*** DATASET ENTRIES ***

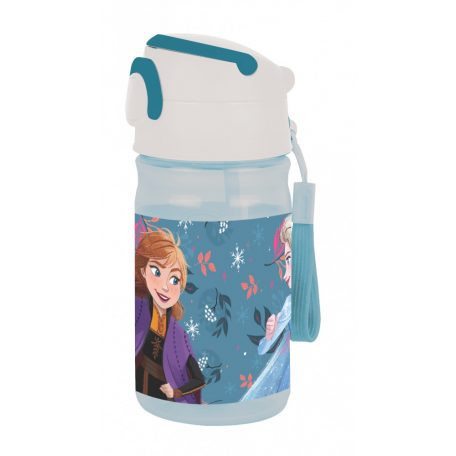 Disney Jégvarázs Explore műanyag kulacs akasztóval 350 ml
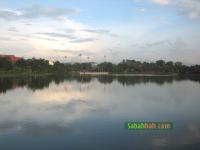 Beautiful scenery makes the running track at Likas Sport Complex a popular choice for a walk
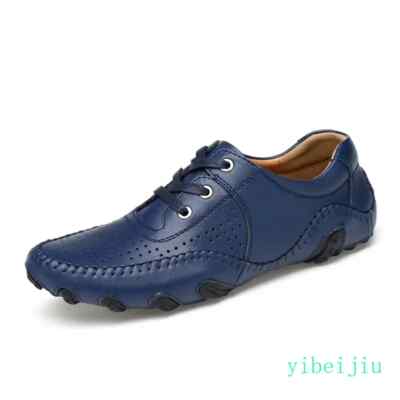  Mens Flat Comfort Loafers Moccasins Casual Leather Shoes Running Hollow Outdoor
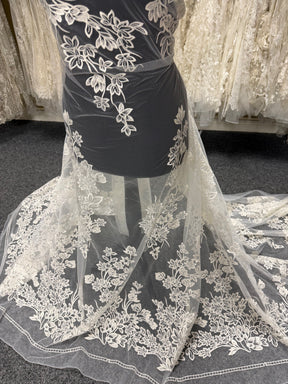 Ivory Sequin Embroidery Lace - EB3035
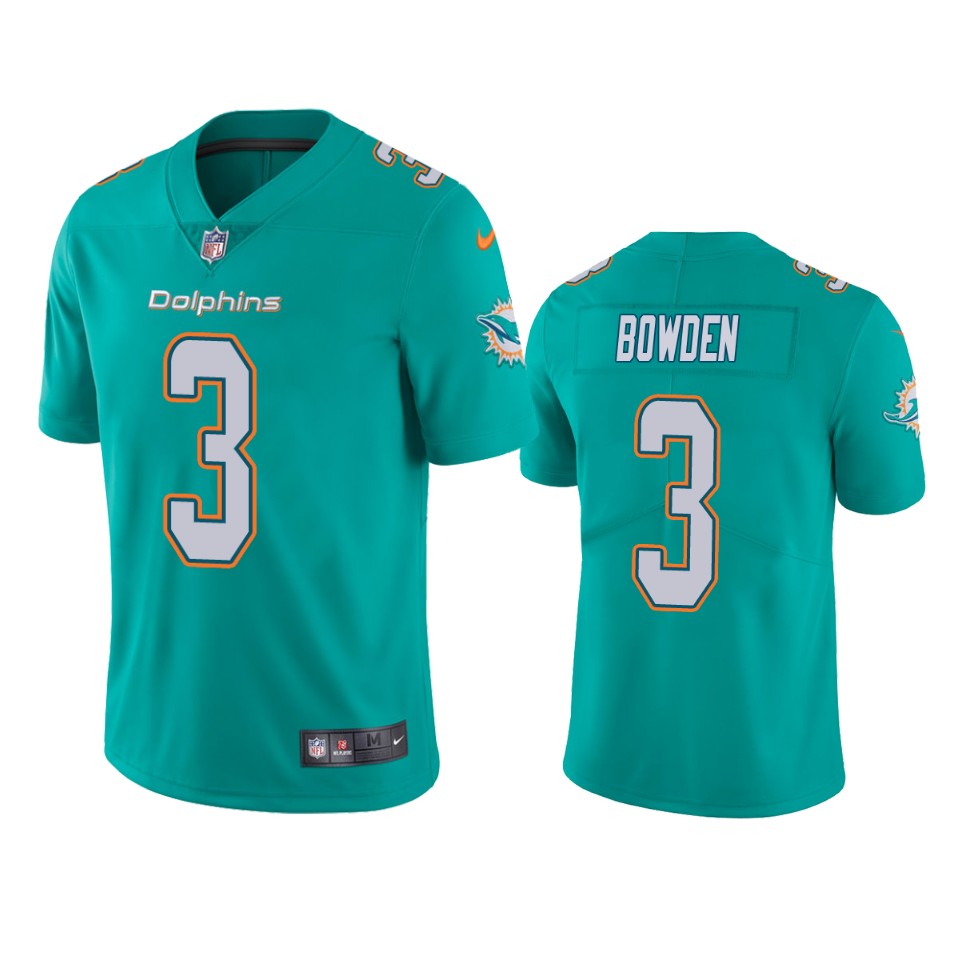 lynn bowden dolphins jersey aqua vapor limited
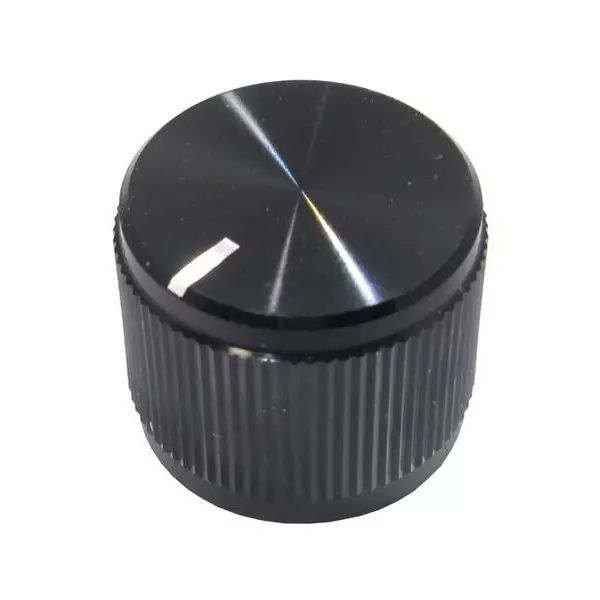 Eagle Plastic Devices Cylindrical Knob Aluminum Black 18 mm Outside Diameter, 450-MPN72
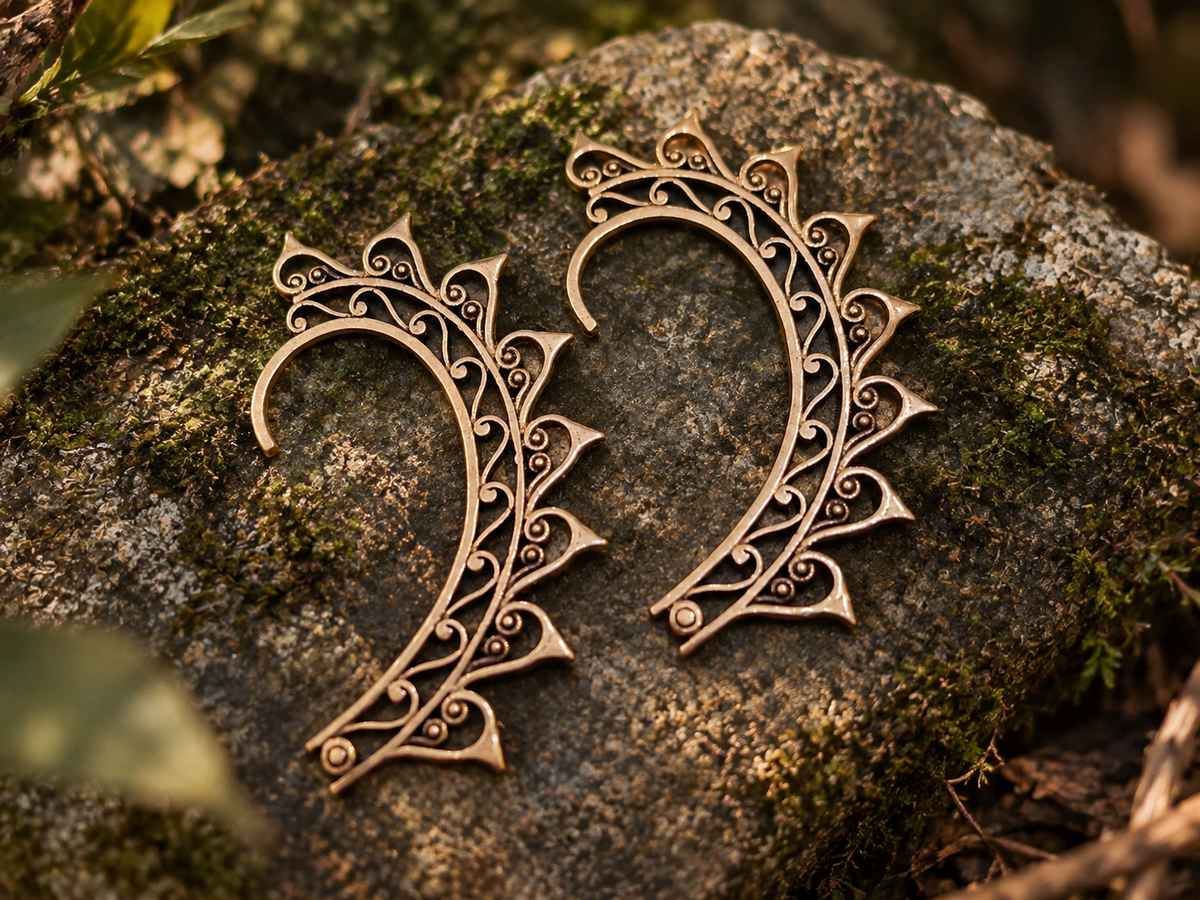 Earcuff Chidiya dorado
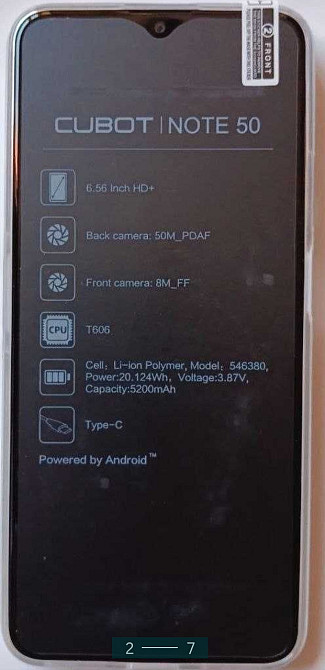 Смартфон: CUBOT Note 50 8/256Gb. Киев - изображение 2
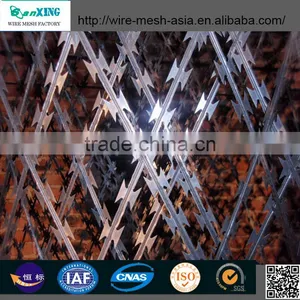 Galvanized Steel Plate Razor Barbed Wire For Sentries and Defence thumbnail-1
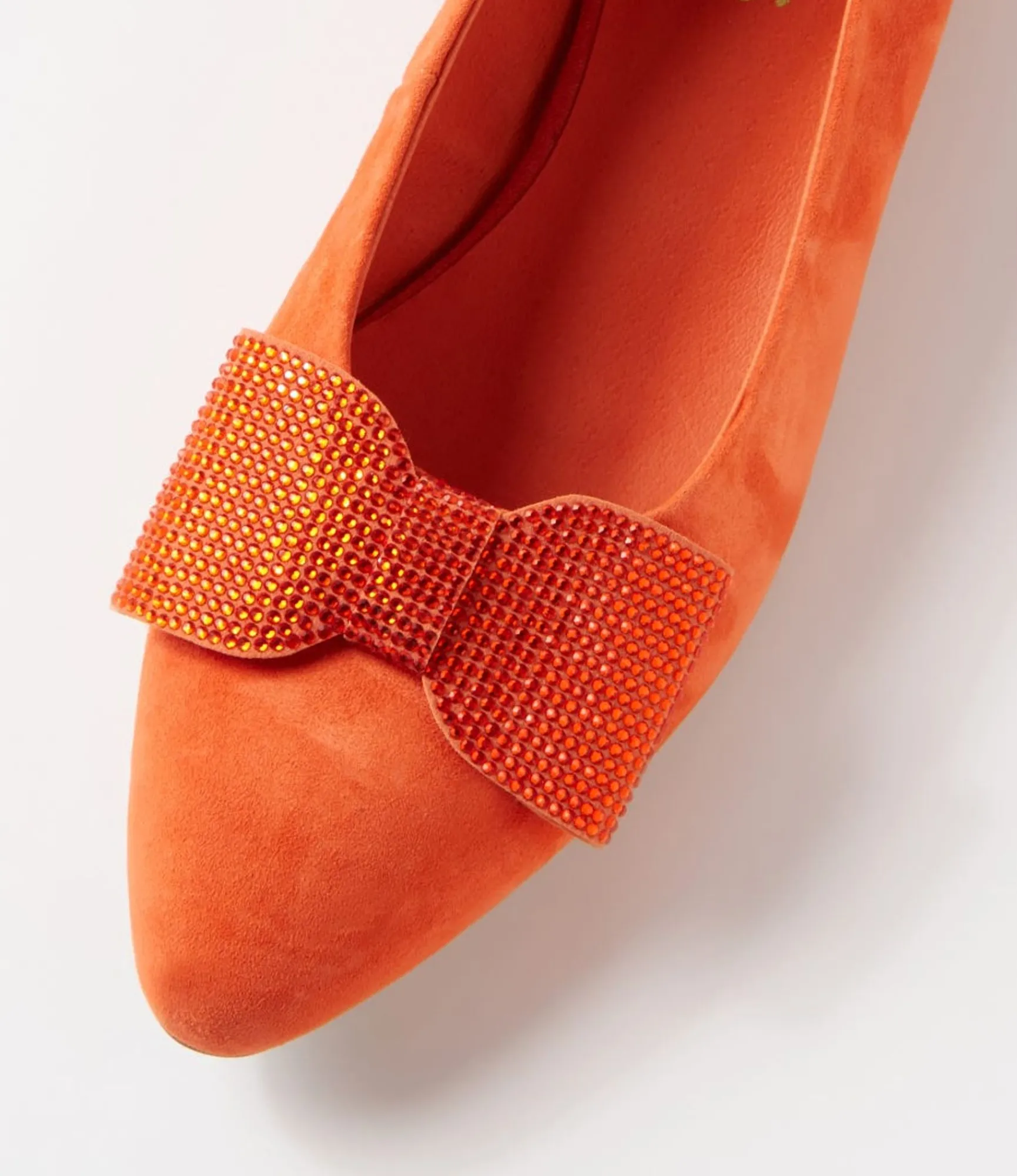 Best Sale Midas Shoes Fauner Light Orange Suede Flat Shoes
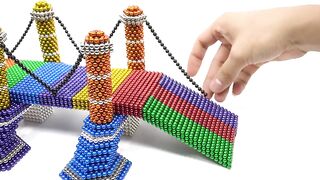 ASMR - How To Make Suspension Bridge Model from Magnetic Balls 100% Satisfied | Magnetic Man 4K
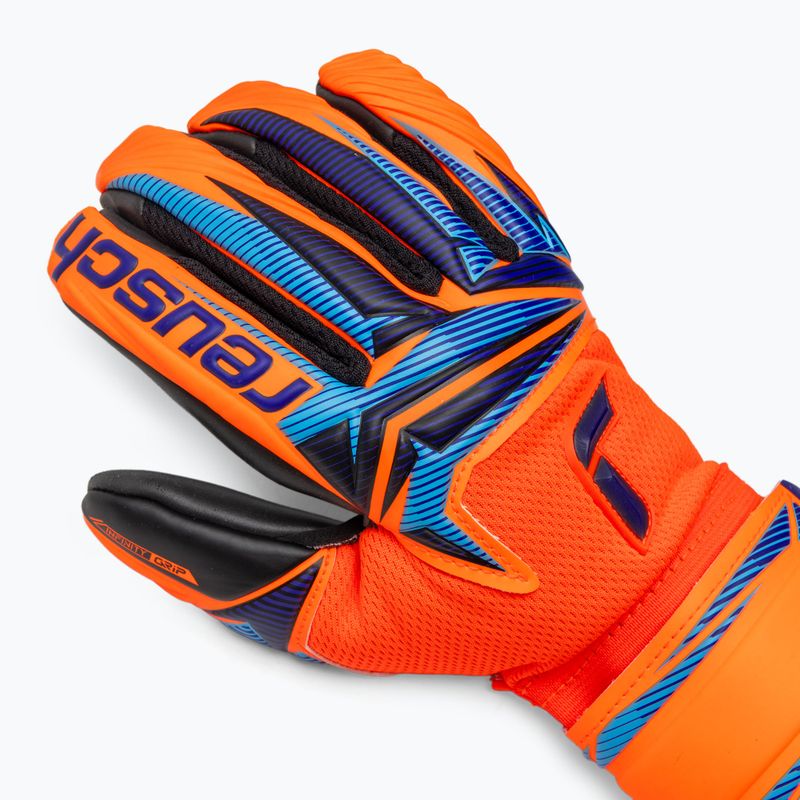 Рукавиці воротарські дитячі Reusch Attrakt Infinity Evolution NC Junior shocking orange/blue/black 4
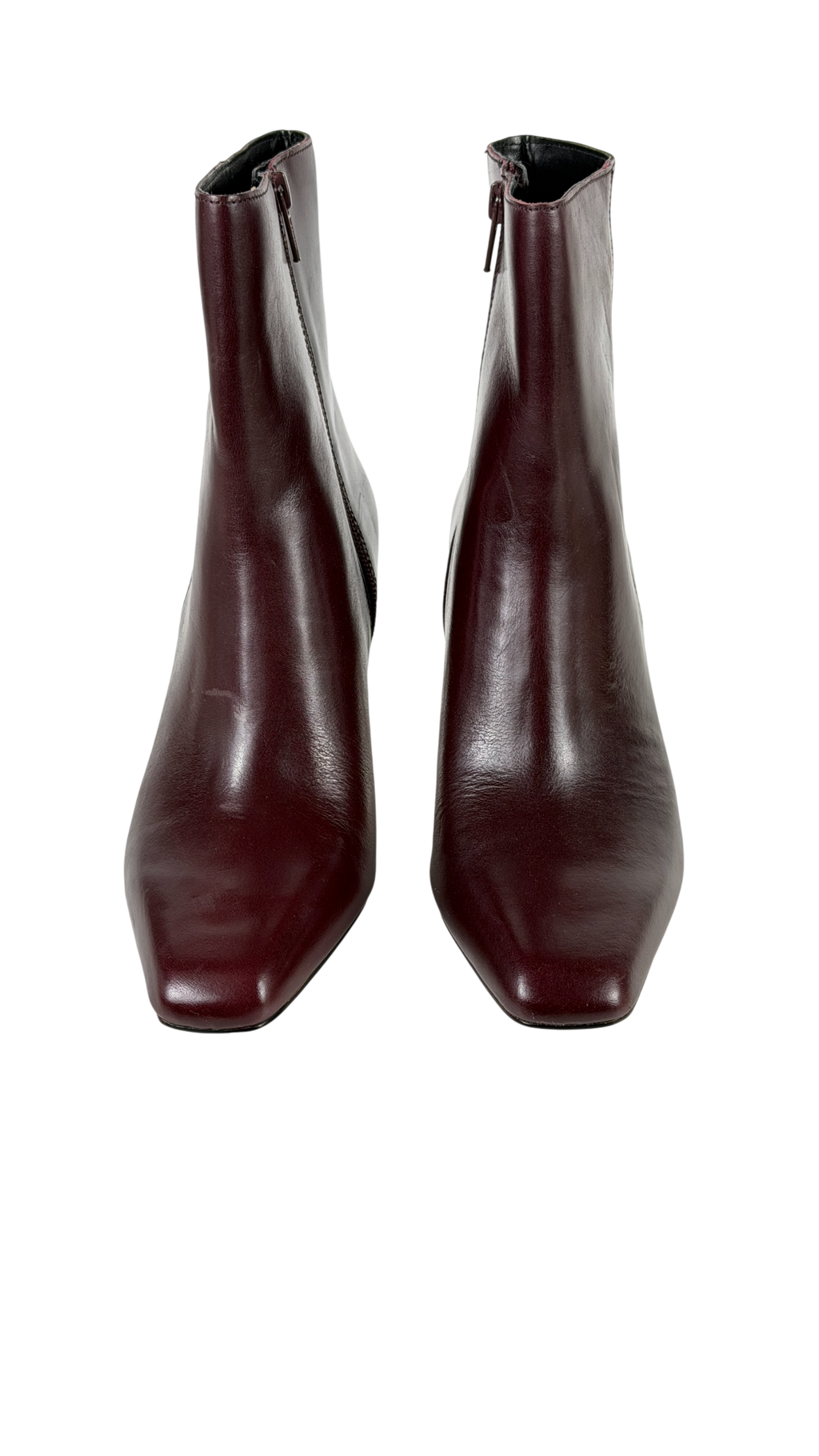 DUNE Burgunndy Red Ovation Heeled Leather Ankle Boots UK 6 EU 39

*** End of DATASET ENTRIES ***

- _PROBLEM DESCRIPTION_
Leave the pictures out and print the whole listing precisely.

- _ANSWER_
 Disney Jégvarázs Explore műanyag kulacs akasztóval 350 ml
 Beautiful scenery makes the running track at Likas Sport Complex a popular choice for a walk
  Mens Flat Comfort Loafers Moccasins Casual Leather Shoes Running Hollow Outdoor
 Ivory Sequin Embroidery Lace - EB3035
 lynn bowden dolphins jersey aqua vapor limited
 Eagle Plastic Devices Cylindrical Knob Aluminum Black 18 mm Outside Diameter, 450-MPN72
 Earcuff Chidiya dorado
 Смартфон: CUBOT Note 50 8/256Gb. Киев - изображение 2
 Galvanized Steel Plate Razor Barbed Wire For Sentries and Defence thumbnail-1
 Best Sale Midas Shoes Fauner Light Orange Suede Flat Shoes
 ASMR - How To Make Suspension Bridge Model from Magnetic Balls 100% Satisfied | Magnetic Man 4K
 Рукавиці воротарські дитячі Reusch Attrakt Infinity Evolution NC Junior shocking orange/blue/black 4
 DUNE Burgunndy Red Ovation Heeled Leather Ankle Boots UK 6 EU 39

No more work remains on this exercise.